As I’ve repeatedly stated, December is a significant month in our coding community due to the Advent of Code – the programming contest involves solving often highly abstract tasks every morning. And while most people – like me, by the way – struggle to keep up the pace and not fall off before the end, which most – like me, by the way 🥲 – fail to do, a bunch of enthusiasts also gather every year. These are already so bored of occupying the top of the leaderboard that they try to make the whole game even more difficult, whether by optimising the whole thing or through twisted visuals (which is certainly helped by the elaborate “storylines” of the individual tasks).

The above image is not a joke – it’s reality. I confirm first-hand.

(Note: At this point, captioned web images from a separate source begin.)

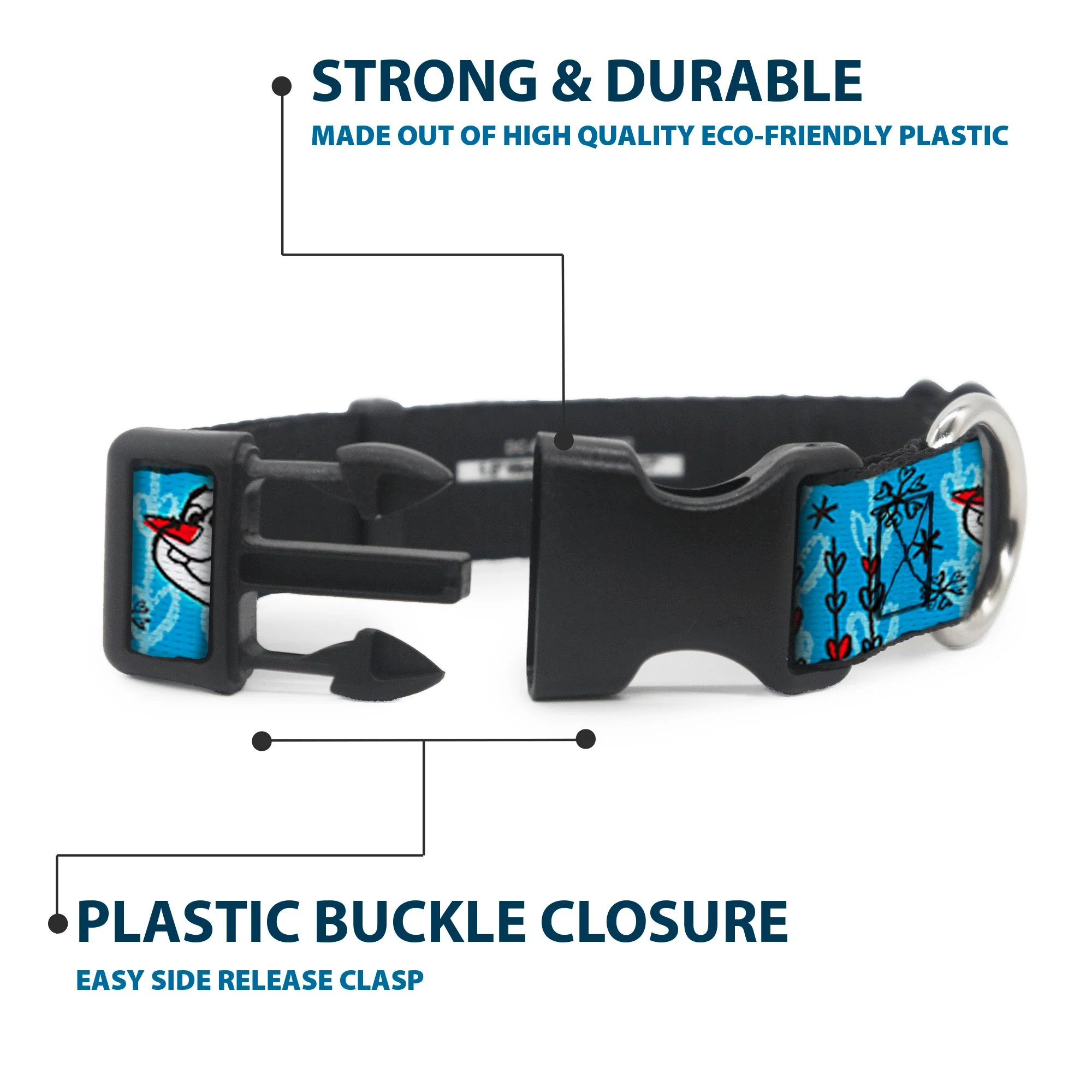 Plastic Clip Collar - Olaf Heart Raindrop Sketch Blues/Black - Image 4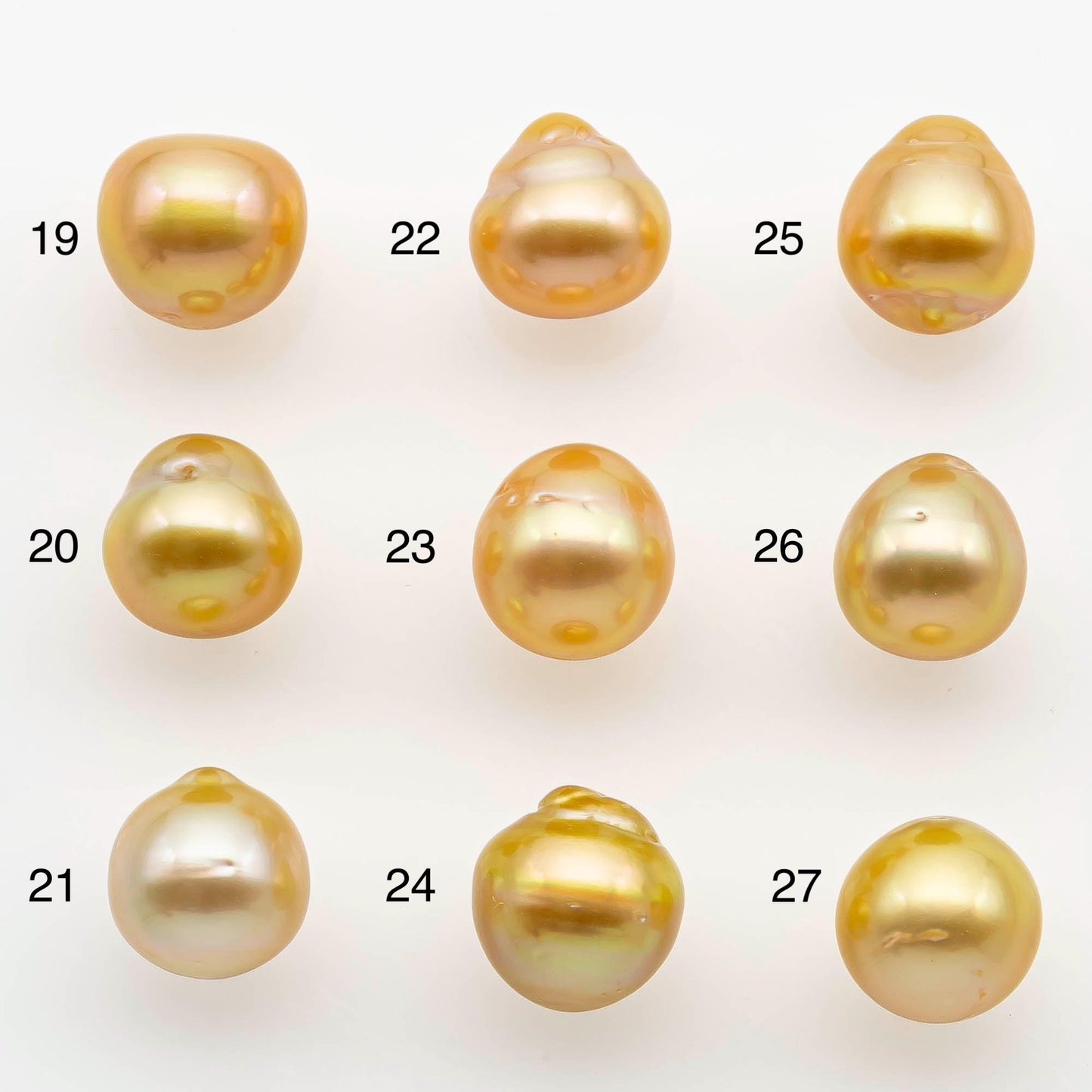 9-10mm South Sea Pearl, Gold Single Piece Nondrilled with High Luster and Minor Blemishes for Jewelry Making, SKU # 2555GS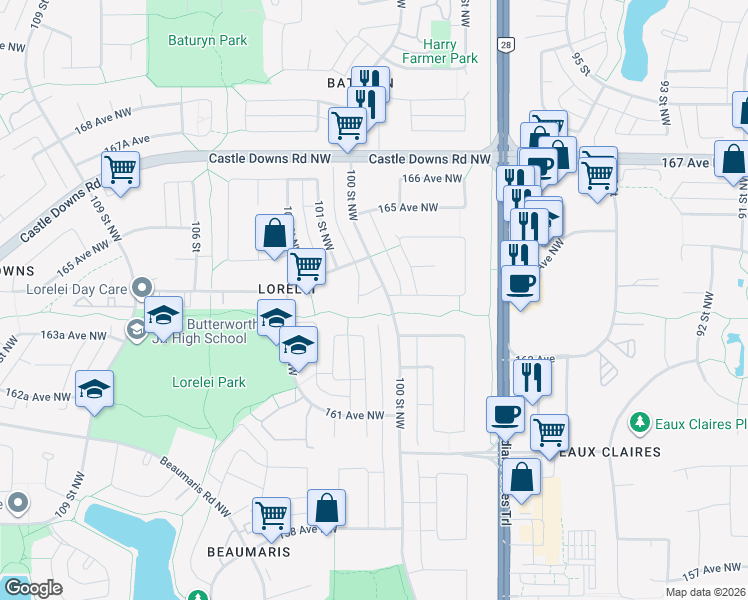 map of restaurants, bars, coffee shops, grocery stores, and more near 16304 100 Street Northwest in Edmonton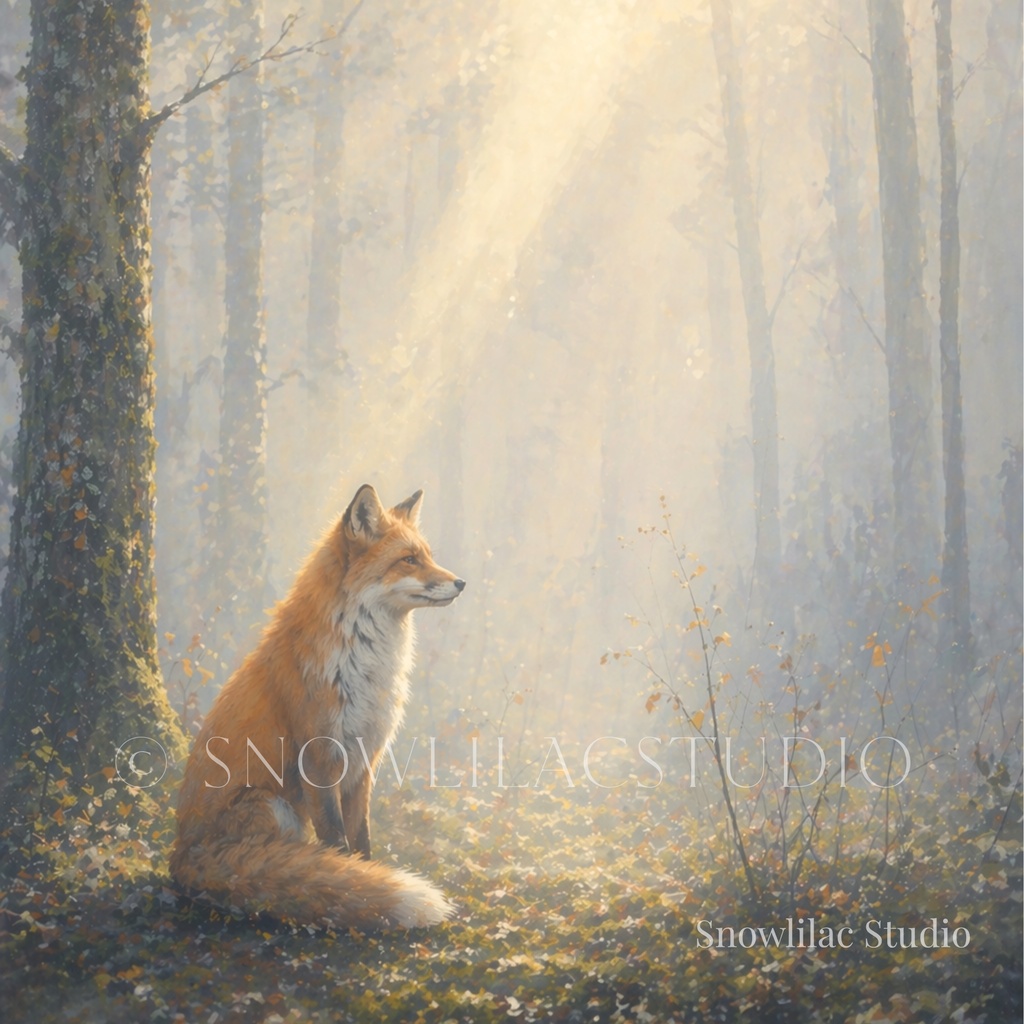 光に包まれた森のキツネ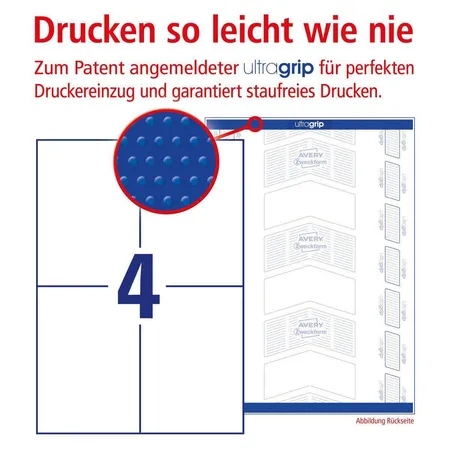 Avery Zweckform 3483-200 Universal-Etiketten,A4 mit ultragrip,105 x 148 mm, 220 Bogen/880 Etiketten, weiß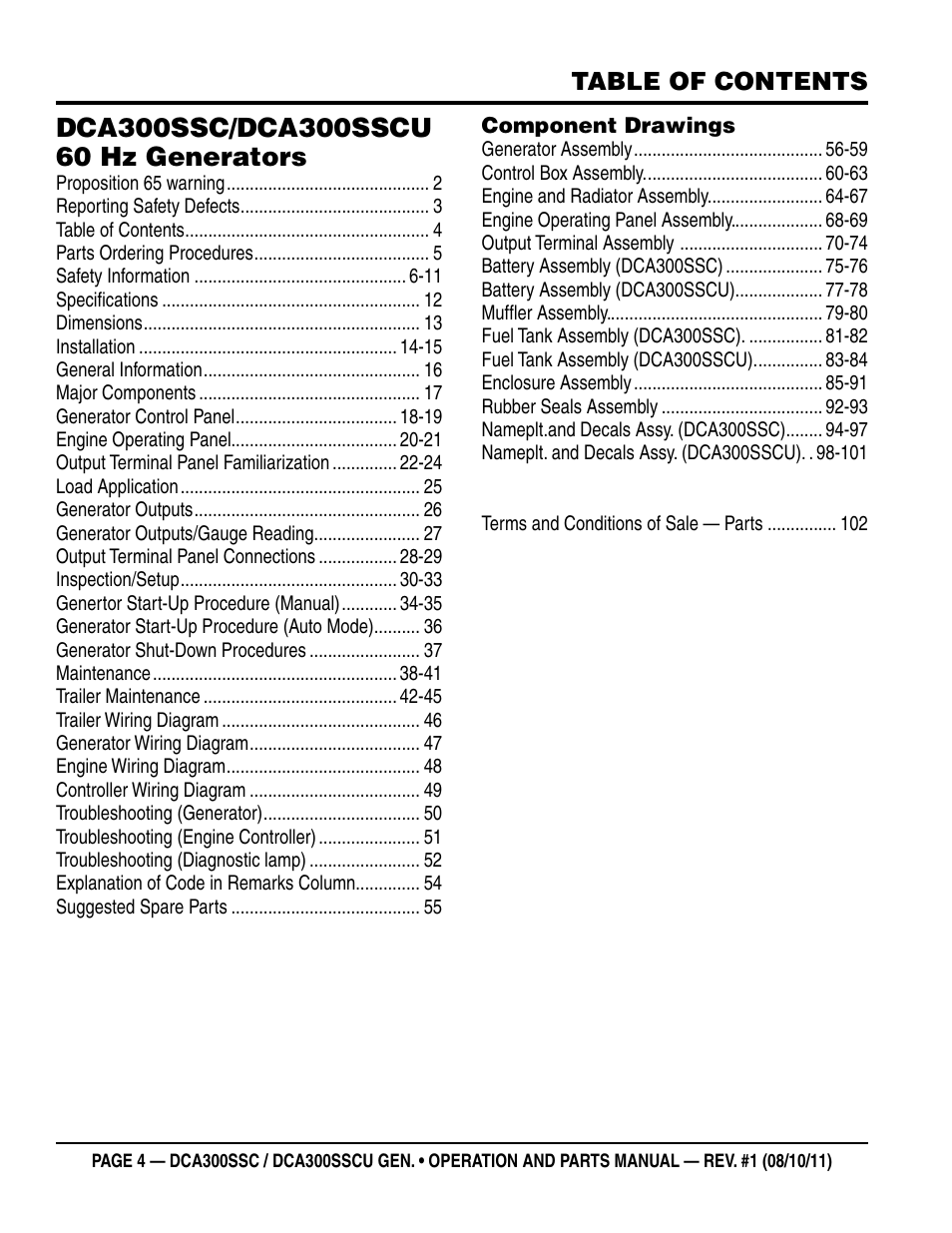 Multiquip Whisperwatt Series 60HZ Generator (Cummins QSL9-G3 Diesel Engine) DCA300SSCU User Manual | Page 4 / 104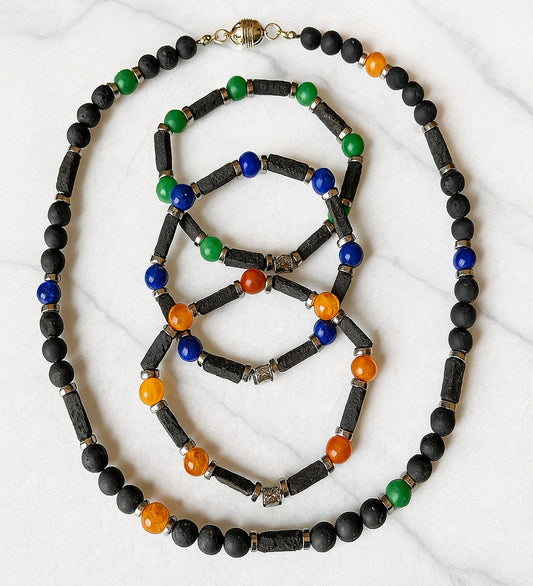 Lava Stone Agate Multi Necklace and Bracelet Set for Your Every Meaningful Moment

January arrives, however, and it would seem that everyone is exhausted after December’s challenges. However, it appeared that when Gunar Morling announced The One Billion Row Challenge, the software community that woke up from its winter slumber and decided to pick up the gauntlet once again.

The One Billion Rows Challenge (1BRC) is a project to test the performance of modern Java in processing large data sets, a billion rows from a text file to be exact. The text file contains temperature data from various weather stations, and each line consists of the station name and the temperature measurement to one decimal place. The task is to write a Java program that reads the file, calculates the minimum, average and maximum temperature for each station and then displays the results. Participants can use all available means, such as virtual threads, SIMD, GC optimisation and other tricks, to create the fastest execution of this task.

You are required to use Java 21 to take part in the challenge, although I can’t really imagine a situation in which someone would deliberately want to use an older one – unless just as an additional challenging constraint. Any optimisation of the programme is possible, subject to certain rules. Participants can use any OpenJDK distribution (I can already see space for each vendor), but cannot use external libraries and must provide an implementation in a single source file. The challenge is open until the end of January 2024 and the results themselves will be judged on the average of three trials on a dedicated server.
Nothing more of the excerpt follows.